OPEC Plans Another Cutback in Oil Production

OPEC Plans Another Cutback in Oil Production

OPEC, whose member nations produce 40 percent of the world’s oil, said yesterday it would cut output by 1.9 percent in February. OPEC also accepted Angola as a member to gain greater control over global crude supplies.

Production will be pared by 500,000 barrels a day as of Feb. 1, OPEC President Edmund Daukoru told journalists in Abuja, the Nigerian capital. The cut is in addition to the 1.2 million barrel-a-day reduction agreed upon by the OPEC at its previous meeting on Oct. 20 in Doha, Qatar.

The 11-member group, known formally as the Organization of the Petroleum Exporting Countries, is attempting to revive prices that have slid about 21 percent from a July record of $78.40 a barrel in New York. The cuts take effect about seven weeks before the end of the Northern Hemisphere winter, when demand for heating fuels typically starts to decline.

“OPEC is sending a message that it is trying to control supply and keep a floor under the price,” said Mike Wittner, the London-based head of energy market research at Calyon, a unit of Credit Agricole SA. “It’s a compromise between the countries that wanted a cut and those that wanted a rollover.”

Oil rose yesterday on speculation that OPEC’s meeting would result in lower supplies, jumping $1.14, or 1.9 percent, to $62.51 a barrel on the New York Mercantile Exchange.

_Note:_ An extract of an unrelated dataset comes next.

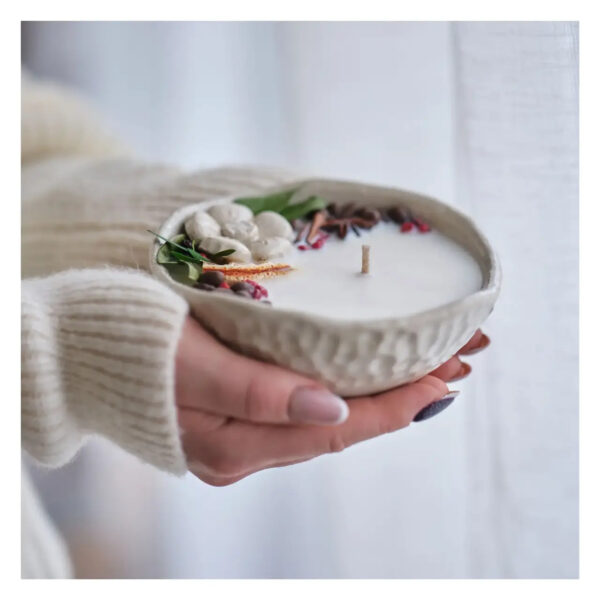 Käsitööküünal karbis Jõuluootus 20h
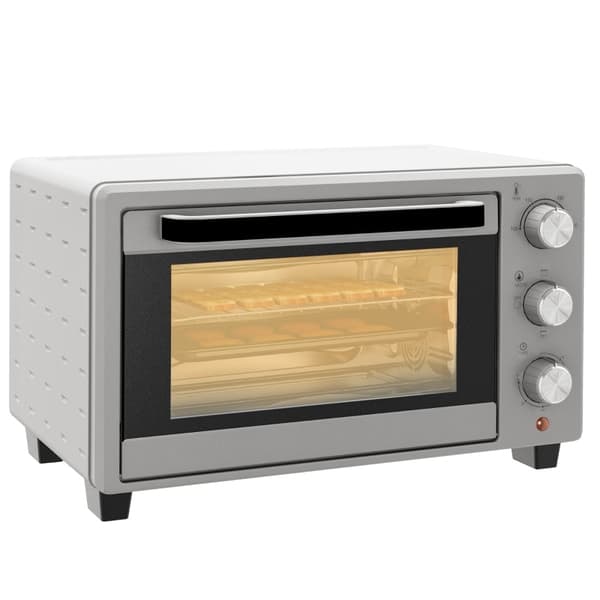 Rootz Mini Ugn - Brödrost - Brödugn - 21L Kapacitet - Justerbar temperatur - 3 tillagningslägen - Rostfritt stål - 46 cm x 38,5 cm x 29 cm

“The decision is short-term bullish but it won’t push prices up by several dollars,” Wittner said.

Angola’s membership will be effective Jan. 1, said Daukoru, who is also Nigeria’s oil minister. Angola won’t be bound by the new agreement until March 1, he said.

Angola will be the first country to join OPEC since Gabon, which became a member in 1975 only to exit in 1994. Nigeria, the group’s fifth-largest producer and a member since 1971, was the last existing member to join, according to the group’s Web site.